HAKİKATEN BUNU DA GÖRDÜK

Bugün manşetimizde, “Bunu da gördük” diye bir manşet var. Yaprak Özer arkadaşımızın hazırladığı bu haberi okurken, şok oldum.  Antalya Semt Pazarcılar Odası ile Aksu Belediyesi ortaklaşa bir Pazar yeri yapacaklar. Önce buradaki yer sahiplerinden dosya isteniyor. Sonra bir gelin bakalım diye mesaj atılıyor. Kimi esnaf mesajın içerisindeki mesajı da anlamayınca, bizzat belediyenin telefonundan aranarak odaya para yatırması isteniyor. Yanlış okumadınız devletin belediyesinden insanlar aranarak para yatırması isteniyor. Ayıp kardeşim hiçbir belediye, böyle bir işe girer mi? Zabıta müdürünün açıklaması da evlere şenlik. Belediye herkesi arayabilir diyor. İyi de müdürüm, arayan adamlar memnuniyet anketi yapmıyorlar ki, arayıp odaya para yatırmasını istiyorlar. Bunun dünyada bir örneği var mı? Bence yoktur.

ÇARDAKLARA ADAM YOK, TAHSİLATA VAR

İşin garip tarafı da bölgesinde yıkım kararı olmasına rağmen hava çok soğuk bahanesinden başlatıp, personelimiz korona virüs oldulara kadar getirip çardakları yıkamayan belediye, nasıl oluyorsa, hem de mesai bitiminin sonunda 200 kişiyi aratacak personeli buluyor. Vallahi pes. Diyecek laf bulamıyorum.

ŞİMDİ SORULAR

Arkadaşımız gazetecilik gereği sorularını hem Aksu Belediyesi Zabıta Müdürü Muhammet Çetin hem de, Antalya Semt Pazarcılar Odası Başkanı Metin Bucak’a yöneltmek istedi. Ancak, Çetin soruların bir kısmını yanıtlarken, Bucak daha işin başında topu taça atarak “Gazetenin ortağı eski başkan biliyordur. Zaten zabıta müdürünü de aramışsınız” diyerek geçiştirdi. O zaman ben buradan kendilerine sorularımızı iletiyorum. Cevaplarsanız buradan yine yayınlarım.

SAYIN ÇETİN

SMS’i sadece yer sahiplerine mi, yoksa Antalya Semt Pazarcılar Odası üyesi olan tüm esnafa mı attınız?

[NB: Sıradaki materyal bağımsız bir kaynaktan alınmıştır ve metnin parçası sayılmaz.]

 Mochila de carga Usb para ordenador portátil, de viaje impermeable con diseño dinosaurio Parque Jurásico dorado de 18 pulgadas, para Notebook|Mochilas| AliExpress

Gerçekten belediyeden esnaflar arandı mı? (telefon numaraları ve isimler bizde mevcut)

Bu işi hangi personele yaptırdınız?

Odaya yatırılacak olan para için mesai bitiminde belediyenin telefonundan esnafı arattırmak yasal mı? Yasalsa etik mi?

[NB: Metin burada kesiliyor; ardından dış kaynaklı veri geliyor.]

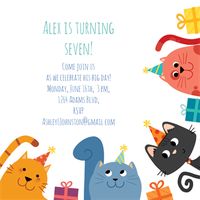 10 Childrens Birthday Party Invitations 6 Years Old Girl BPIF-52 Cats 10 Childrens Birthday Party Invitations 6 Years Old Girl BPIF-52 Cats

Buradaki arsa kaç metrekare?

Ne kadarı için ne kadar para yatırılacak?

Bu para yer alımı için belediyeye mi, yoksa şahıslara mı aktarılacak?

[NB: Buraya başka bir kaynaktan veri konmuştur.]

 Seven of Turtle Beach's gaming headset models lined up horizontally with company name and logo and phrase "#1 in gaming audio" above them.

Dosya topladığınız esnaf hak sahibi kabul ediliyorsa, para toplamayanları bu pazardan atacak mısınız?

Parasını yatıranları, ya da yatırmayanları odadan mı öğreneceksiniz?

Para yatıranları encümen kararı ile tahsis sahibi yapacak mısınız?

Yaptığımız haber ile ilgili gerçekten arayarak bilgilendirdiniz mi?

SAYIN BUCAK

Toplanan miktarı neye göre belirlediniz?

Bu para toplanınca nereye yatıracaksınız?

Eksik ya da fazla gelirse ne yapacaksınız?

Üyelere mesaj atmalarını ve telefonla aramalarını siz mi istediniz?

Odalar üyelerinden Pazar yeri arsası satın almak için para toplayabilirler mi?

Bu parayı toplayarak odayı taahhüt altına sokmuş olmuyor musunuz?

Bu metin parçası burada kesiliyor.